Dann kam ein Junge auf mich zu und flüsterte mir mit Blick auf Kevin ins Ohr ("der da ist ganz schlimm und unerzogen"). Ich sagte zu ihm dass mir bislang nichts dergleichen aufgefallen ist und er sich darauf verlassen kann, dass ich alles prima unter Kontrolle habe.
Kevin war gerade mit einer Aufgabe befasst, da trat ein anderer Junge an ihn heran, zeigte auf das Arbeitsmaterial und sagte "das gehört mir, das hat mein Vater hergestellt". Kevin hat darauf nicht reagiert und arbeitete weiter. Da trat der Junge noch näher an ihn heran, nahm den Gegenstand in die Hand und sagte sehr provokant "der gehört aber mir".

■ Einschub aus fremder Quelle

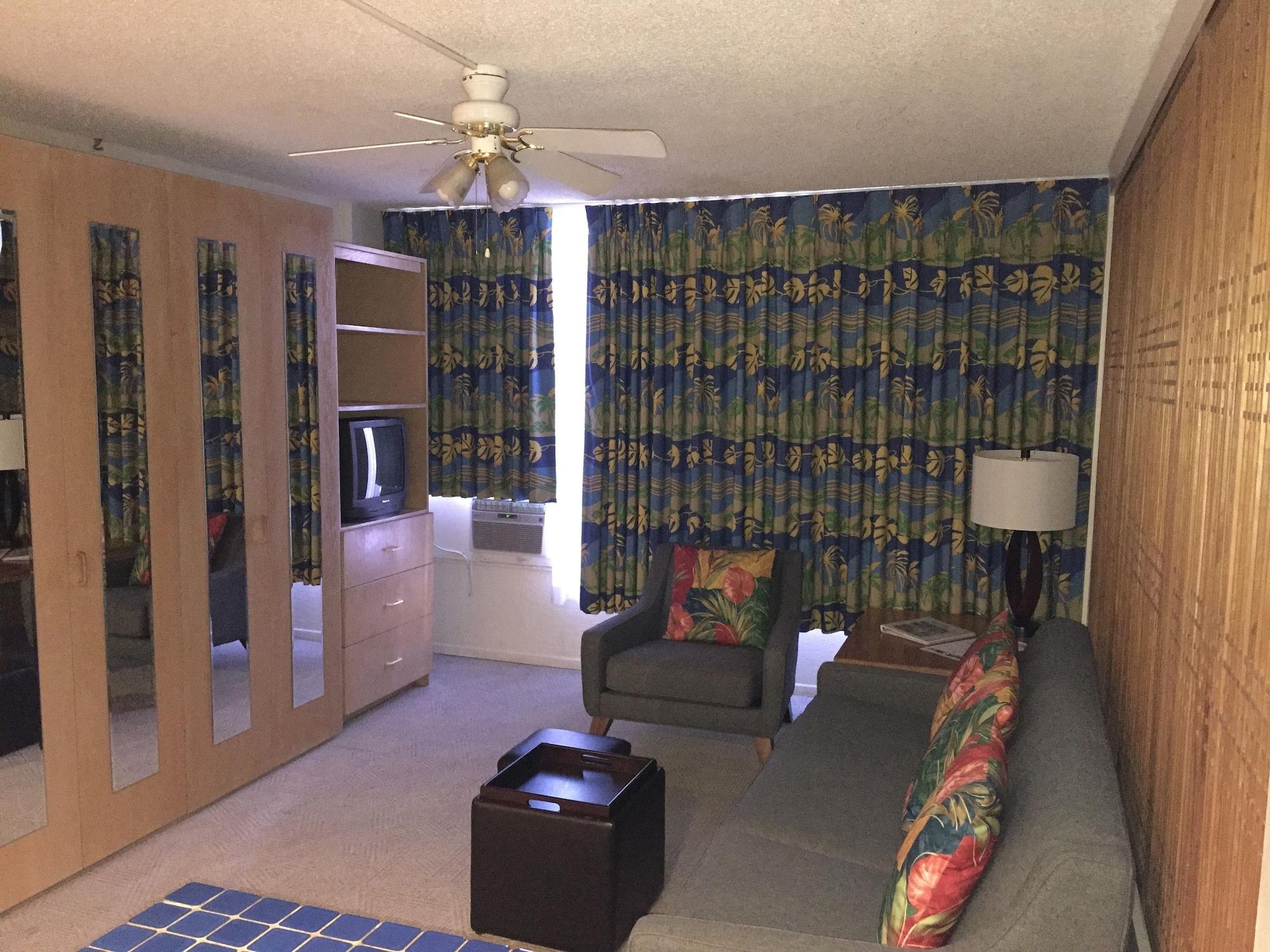 Kuhio Banyan 2*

Ich bin dann hin und habe ihm gesagt er soll es hinlegen und sich um seine eigene Aufgabe kümmern. Alle im Raum befindlichen Materialien sind allen Schülern überlassen um am Projekt zu arbeiten.
Am Ende der Projektzeit kam die Klassenlehrerin meiner Tochter und schaute nach dem Rechten und fragte mich wie es verlaufen ist. Ich sagte dass viele Kinder in Sachen Disziplin meine Unterstützung gebraucht haben. Sie schaute auf Kevin und sagte "ah ja, ich seh gleich was sie meinen".
Und ja, mir ist auch hier bewusst, dass die heutige Situation kein Alltag ist.
Ich habe der Lehrerin gesagt "Kevin hat sich mustergültig verhalten, selbst als er von anderen provoziert wurde". Und jetzt fühle ich mich hilflos und ohnmächtig und voller Mitgefühl für diese Buben, die von Anfang an keine Chance haben.